## What needs to be done
From the first line to the last, copy the data exactly and drop the pictures.

## Given material
★ ★ ★

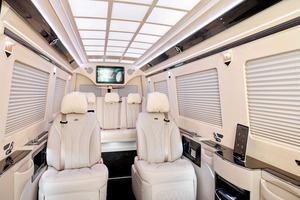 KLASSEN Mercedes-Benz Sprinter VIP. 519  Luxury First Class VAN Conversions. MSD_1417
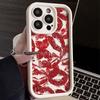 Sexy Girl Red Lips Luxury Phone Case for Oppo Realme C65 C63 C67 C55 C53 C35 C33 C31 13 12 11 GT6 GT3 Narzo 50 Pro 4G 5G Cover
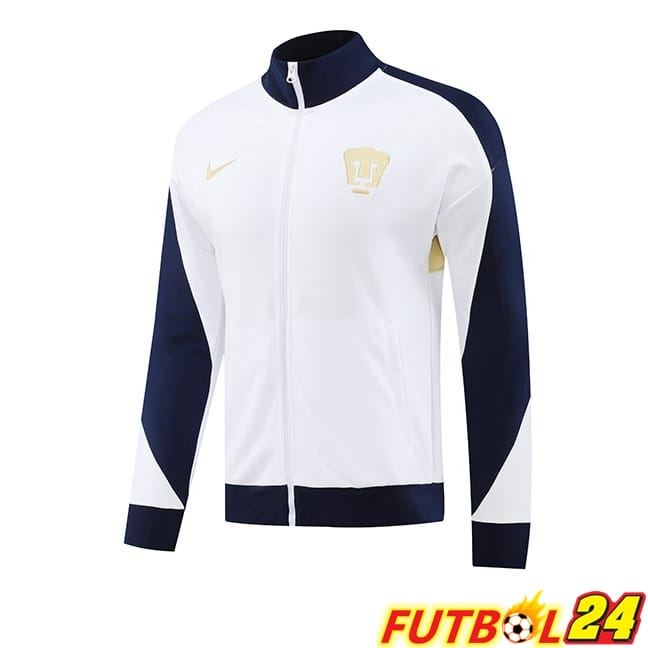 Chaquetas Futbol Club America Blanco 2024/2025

★ ★ ★

## Task result
 KLASSEN Mercedes-Benz Sprinter VIP. 519  Luxury First Class VAN Conversions. MSD_1417
 Sexy Girl Red Lips Luxury Phone Case for Oppo Realme C65 C63 C67 C55 C53 C35 C33 C31 13 12 11 GT6 GT3 Narzo 50 Pro 4G 5G Cover
 Chaquetas Futbol Club America Blanco 2024/2025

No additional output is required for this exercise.